The big, puffy dark cloud that is mental illness has a much thicker outline during the bitter cold winter months. Have you noticed anyone in your path that looked like they could really use a hug today? Maybe even just a reassuring nod or a quick hello?

You never know when you could be someone’s last chance. Someone’s last chance at trying, someone’s last sliver of hope, someone’s very last attempt at not giving up, forever.

Without the freedom to roam about that the warm weather brings, you’ll notice an accumulation of lost souls repetitively riding public transportation or setting up shop in dark corners of malls that are open late and that have security guards kind enough to pretend they don’t notice.

Save me,” you thought you heard someone whisper, but it isn’t your problem and you have enough stuff to do today.

No one could ever say that Robin Williams died in vain.
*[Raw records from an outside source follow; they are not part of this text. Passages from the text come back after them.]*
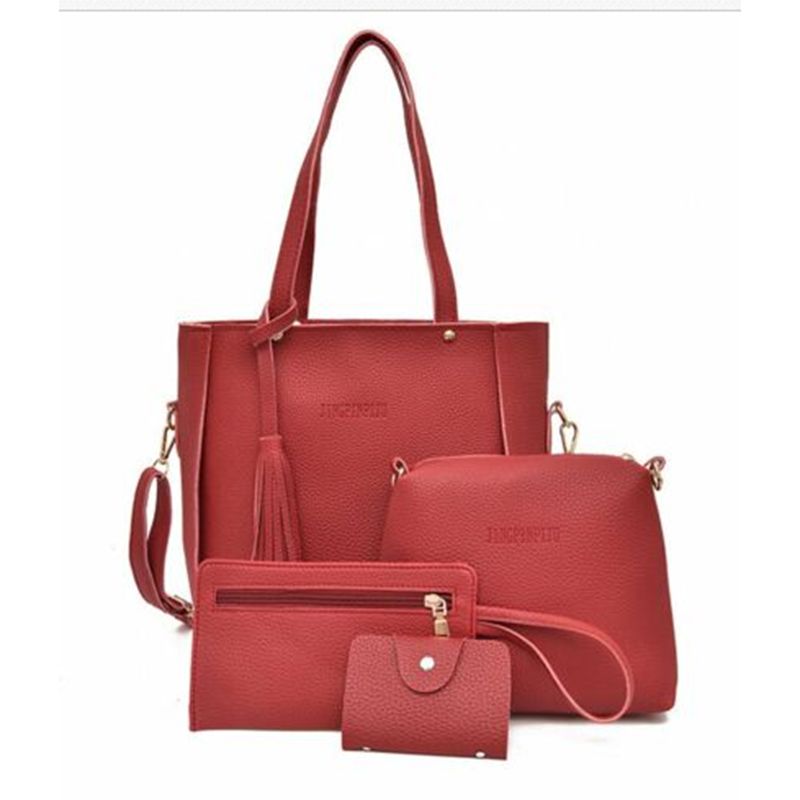 4Pcs Set Women Ladies Leather Shoulder Bags Tote Purse Satchel Messenger Bags /BY: Burgundy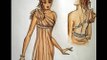 Emmy Rossum Silk Dress in Tan Greek Style: Advanced Fashion Design Drawing Tutorial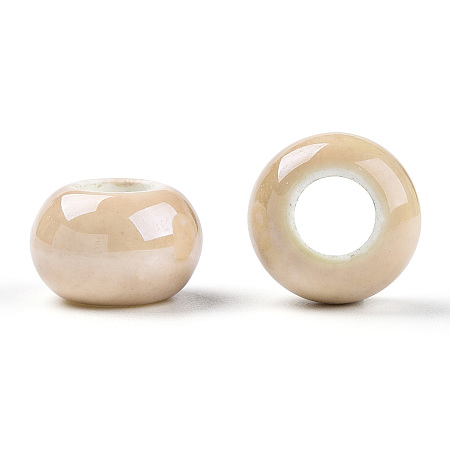 Honeyhandy Handmade Porcelain Beads, Pearlized, Rondelle, Navajo White, 13x8.5~9mm, Hole: 5mm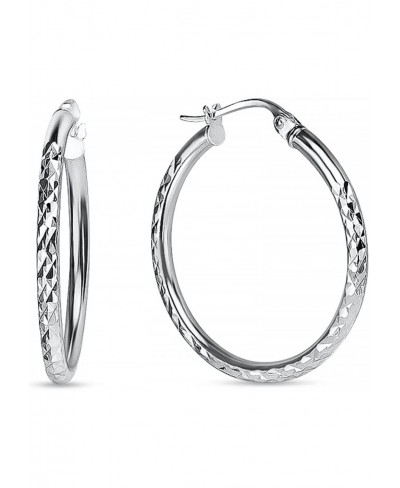Sterling Silver High Polished Round Diamond-cut Textured Click-Top 2mm Hoop Earrings $22.86 Hoop
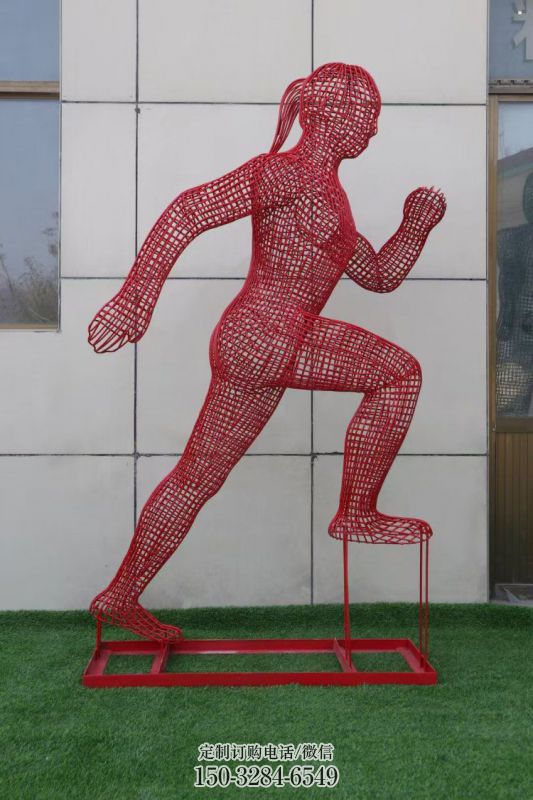 镂空运动员雕塑选用，美陈雕塑，铁艺烤漆体育人物雕塑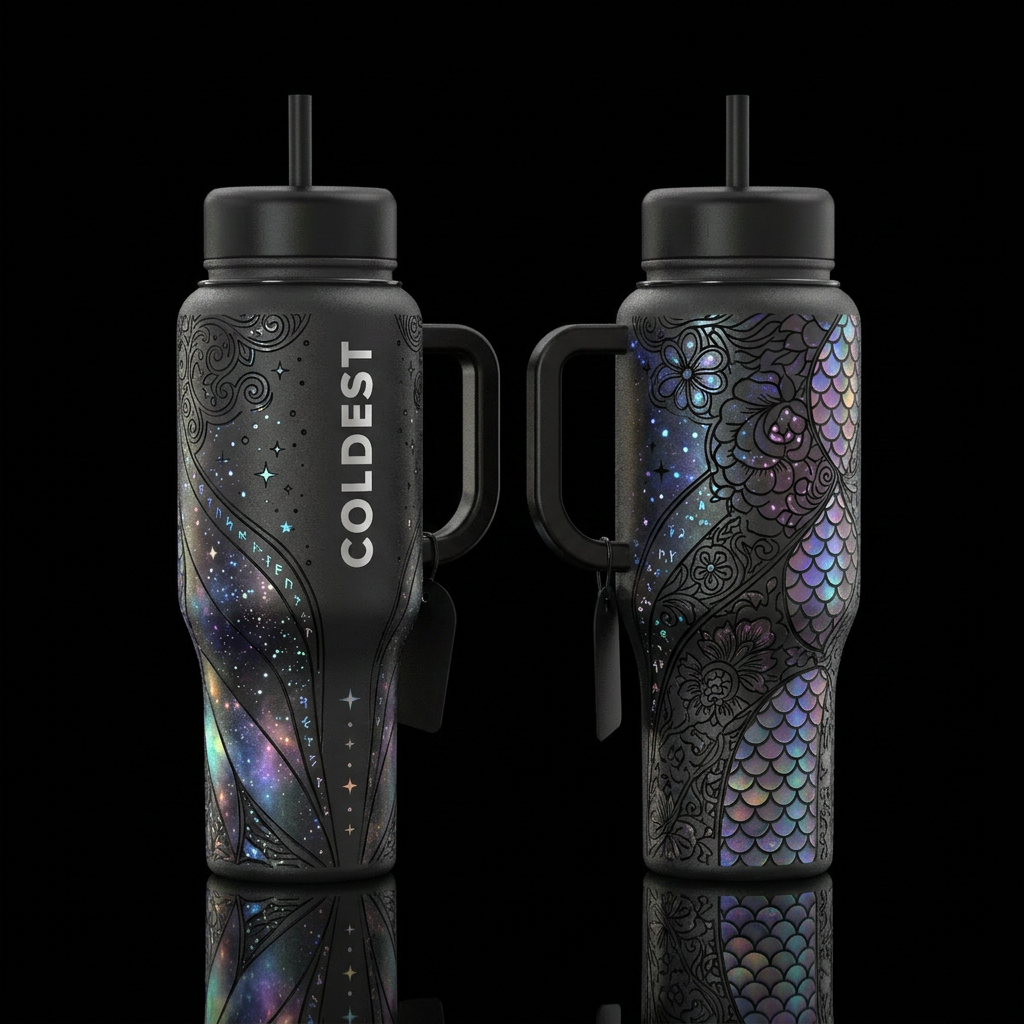shiny, realism, please show both the front and bac... water bottle design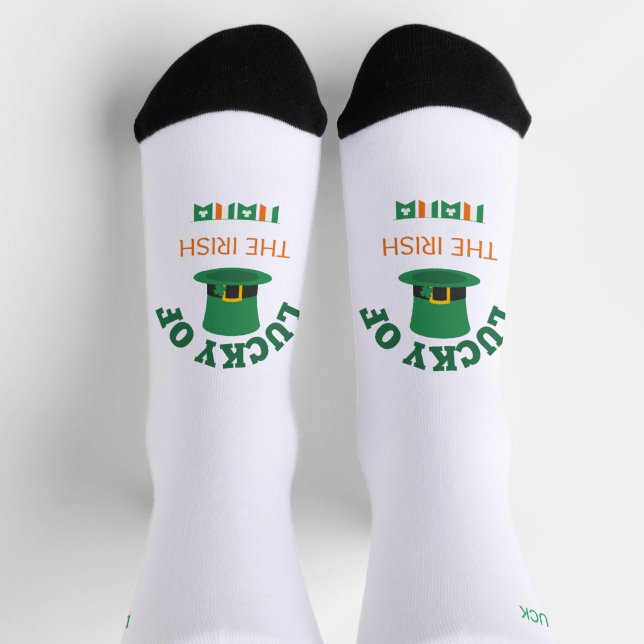 Chaussette La chance de l'irlandais, jour de saint Patrick (Haut)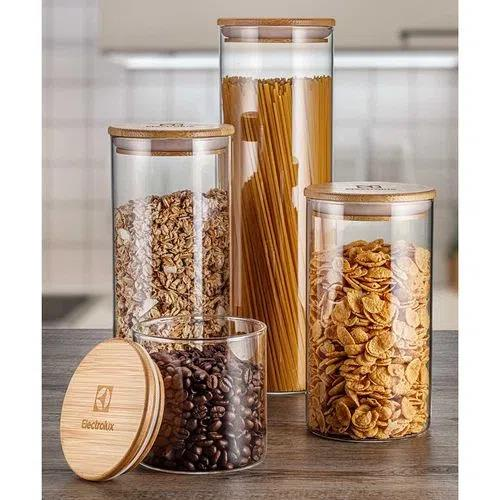 Kit Potes Herméticos Electrolux Porta Mantimentos com Tampa de Bambu para Cozinha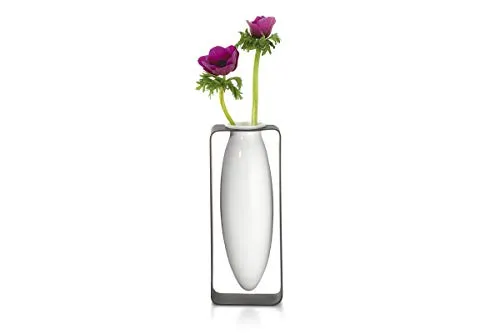 Philippi Float Vase - schwebende Vase im Metallgestell - Vasen, modernes und überraschendes Design mit einer schwebenden Porzellan-Vase im stabilen Stahlrahmen, ideal für kreative Blumendekorationen.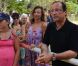 Valérie Trierweiler et François Hollande en vacances à Brégançon, le 12 août 2012.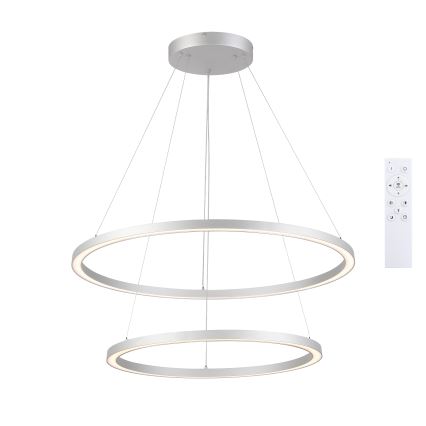 Brilagi - Suspension LED dimmable sur câble PORTOFINO LED/98W/230V 3000-6000K Ø 80 cm argentée + télécommande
His genius and the fact that he was so well respected enabled us all to begin a conversation about something that can’t help but remain a dirty little secret.

Recently everyone looks like they are battling their day, as if through mounds of heavy mud. The mud surrounds them in all directions as they take turns which way to fall, each time waiting a bit longer for someone to catch them or at least lean over to help them up.

In the name of avoiding discomfort we commonly try to deal with mental illness only from a safe distance. We tell ourselves that, “Crazy” is some eccentric stranger on a street corner deeply enthralled in a conversation with themselves.

It’s time to break the silence; these lonely ships shouldn’t have to sail in treacherous waters alone.